Friday, June 17, 2011
Vintage People on Photo Postcards
The transfer of my archive to the Bodleian Library might have felt like parcelling up one foot and posting it direct to the grave. But it has not been like that at all: the opposite in fact, for out of that arrangement has come new life for a long cherished project.
For twenty years I have been collecting real photo postcards of anonymous people. They all date from that period when portraiture suddenly became democratised. At the beginning of the twentieth century all manner of people, not just the wealthy, could for the first time in history possess their likenesses. What resulted was an inadvertent and unofficial visual census of the country.
Out of over a million of such cards that have passed though my hands I have brought together fifty thousand or so which now, in albums and boxes, crowd out what passes for my kitchen. They are grouped under titles that announce the obsessive typologist, Two Men, Tree, Pram, Bather, Nurse etc.

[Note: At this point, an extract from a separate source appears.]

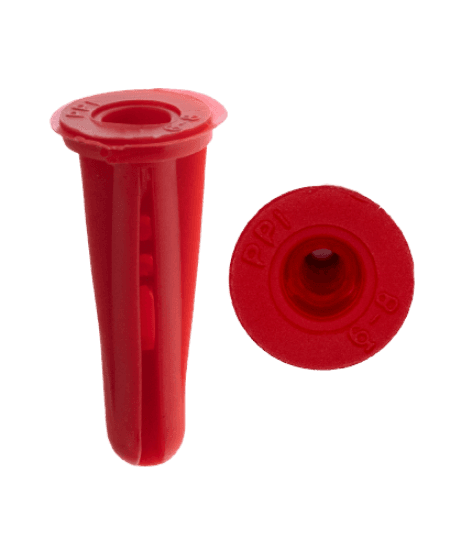 A light-duty plastic anchor for use in hollow walls and in concrete, brick, or masonry. It is made of polyethylene and is red in color. The anchor is sized for #14-#16 screws and is 1-3/8 in. long with a 5/16 in. drill size.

I exhibited a selection of these cards in 2004 at the National Portrait Gallery in a show whose catalogue, We Are The People should now be seen as a trailer to this current series of books published by the Bodleian itself. Readers was the natural first title in what promises to be an extensive but not expensive sequence produced by one of the world's great libraries.
Issued at the same time was Women & Hats. Weddings and Bicycles appeared soon after with the same generic rubric Vintage People on Photo Postcards. All four are now available and more are to follow. Watch this space: start clearing a shelf.